The customer is a high net worth individual who was a discretionary account customer of Respondent when he was assigned to the Claimant when Claimant joined Respondent's firm in 2006. The customer converted to non-discretionary status in 2011 during a period of market turbulence. This meant that the customer's direction and compliance were necessary for any trading activity. During this period of negative market activity, while on his way to a vacation, the customer stopped in New York for a meeting with the Claimant and his support group to sort out a strategy. During the meeting, the customer told Claimant to make changes in his account that "limited exposure" but without any specific instructions as to actual trades to implement. Claimant attempted to elicit that information by attempting to contact the customer on multiple occasions but to no avail. During this period and upon the customer's return, the account in question absorbed significant losses and the customer filed a complaint alleging "failure to follow instructions". Subsequently, Claimant and his associates, with supporting documentation, informed the customer of his responsibilities as a non-discretionary customer to personally direct and approve all trading activity. At this point, apparently convinced of his mistake and the honest efforts of Claimant, the customer dropped the complaint while remaining a customer of Respondent albeit with another advisor/broker. Meanwhile, the original complaint remains on Claimant's BrokerCheck and CRD Reports even though the citation reads "closed, no action". Since the complaint was withdrawn, Claimant's alleged culpability does not really need to be judged here. Based on the customer's own action, the claim is clearly erroneous, and the Claimant was not involved in any wrongdoing. Relying on the merits, the evidence is clear that there is no question that the expungement request should be granted.

Bill Singer's Comment

Every so often, a FINRA Arbitrator manages to get it all right, and when that happens, it's a thing of beauty to behold. Kudos to Arbitrator Biederman for an overall superb job in penning an Award that's replete with content and context so as to make it intelligible, and, further, offers a thoughtful rationale.

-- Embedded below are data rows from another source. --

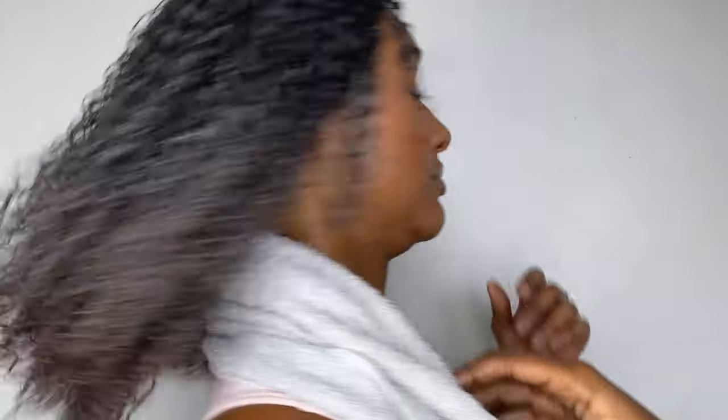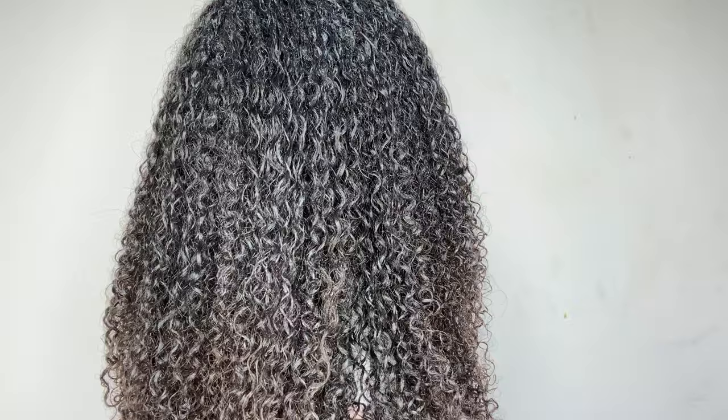Okay, so there you have it. I'm going to quickly show you the back before I go on to talk about the products. So first let's talk about the leave-in — it was okay. I'm not sure if it's really necessary for my hair; it may work well together with the hair cream, but I think I would have been fine just to use the hair cream by itself.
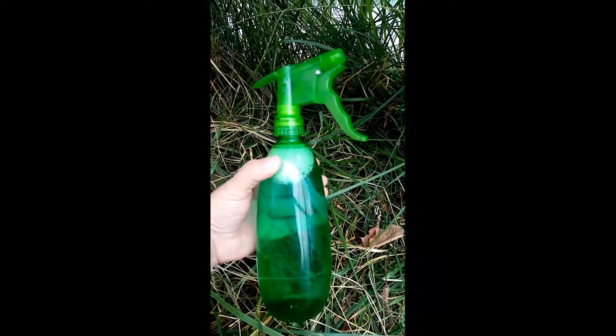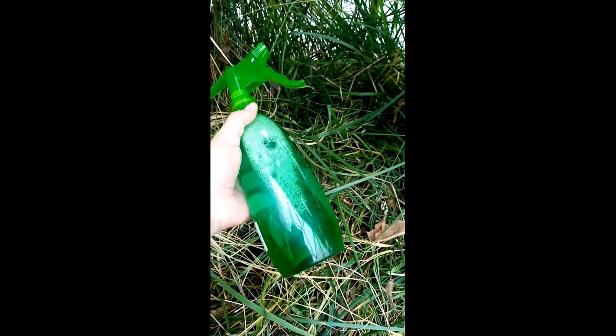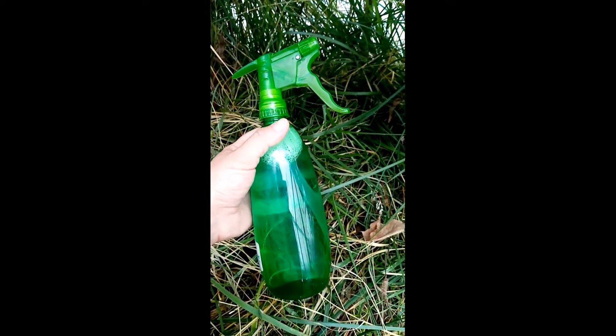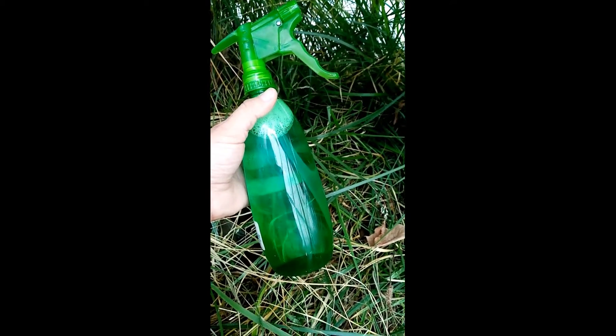My wasp spray is just Dawn dish soap and water. I don't have the exact measurement — I just add soap until I think I'm happy. It's probably anywhere between two teaspoons and a tablespoon of liquid Dawn dish soap, then just add water and shake. But check these guys out.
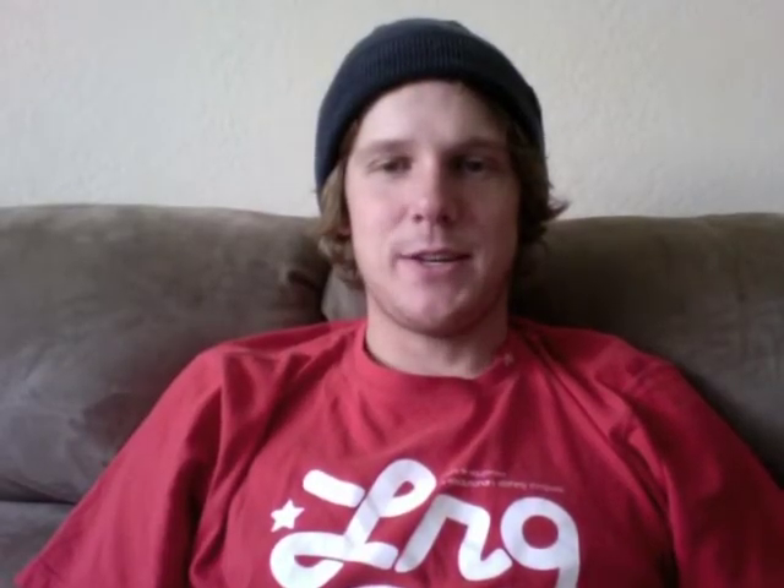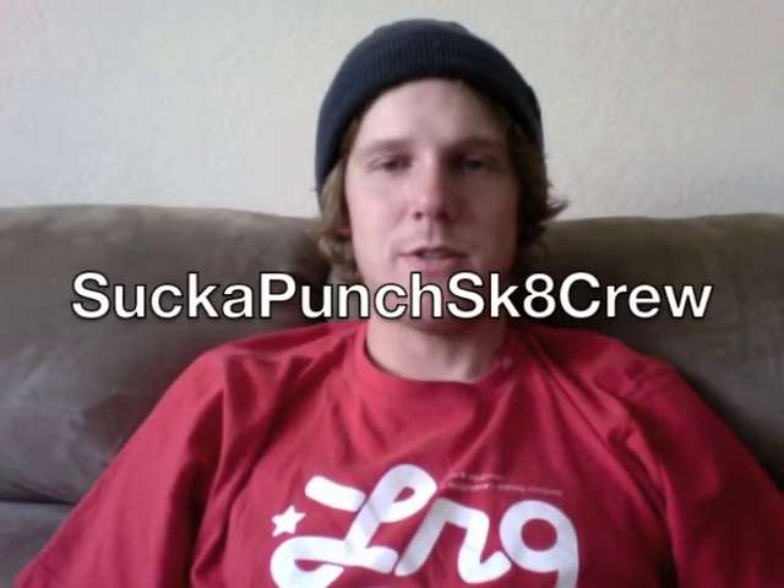How's it going guys? I was requested by a YouTube user to do a review on the Emerica Westgate Pro Model shoe.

As Arbitrator Biederman explains, the customer at issue started out in 2006 as having granted discretion to Claimant Chen; however, in 2011, the customer had converted to a non-discretionary status. As Biederman aptly notes: "This meant that the customer's direction and compliance were necessary for any trading activity."  Following the transition of the account to non-discretionary, the customer met with Claimant to strategize about his investments. As to the mechanics whereby any strategy was to be implemented, Arbitrator Biederman found that:

[D]uring the meeting, the customer told Claimant to make changes in his account that "limited exposure" but without any specific instructions as to actual trades to implement. Claimant attempted to elicit that information by attempting to contact the customer on multiple occasions but to no avail. During this period and upon the customer's return, the account in question absorbed significant losses and the customer filed a complaint alleging "failure to follow instructions". . . .

For whatever reasons, the customer seems to have initially complained to JP Morgan about Chen's alleged failure to follow instructions -- despite that no actual instructions were transmitted. Thereafter, the customers seems to have reconsidered his allegations and in what comes off as a sincere expression of his remorse, he "dropped the complaint while remaining a customer of Respondent albeit with another advisor/broker." Well, okay, the remorse was a tad strained and tempered, but, if you look carefully, you can see it, sort of, well, look again -- okay, so now you see it?  So the withdrawn customer complaint gets posted on Claimant Chen's BrokerCheck and Central Registration Depository ("CRD") records even though JP Morgan deemed the matter to have been "closed, no action." And all of that stays on Chen's industry record until -- well, you know, until he can afford to hire a lawyer and try to make it all go away. And if you don't have the bucks to hire the legal talent, well, welcome to Wall Street's equivalent of the half-life of xenon-124.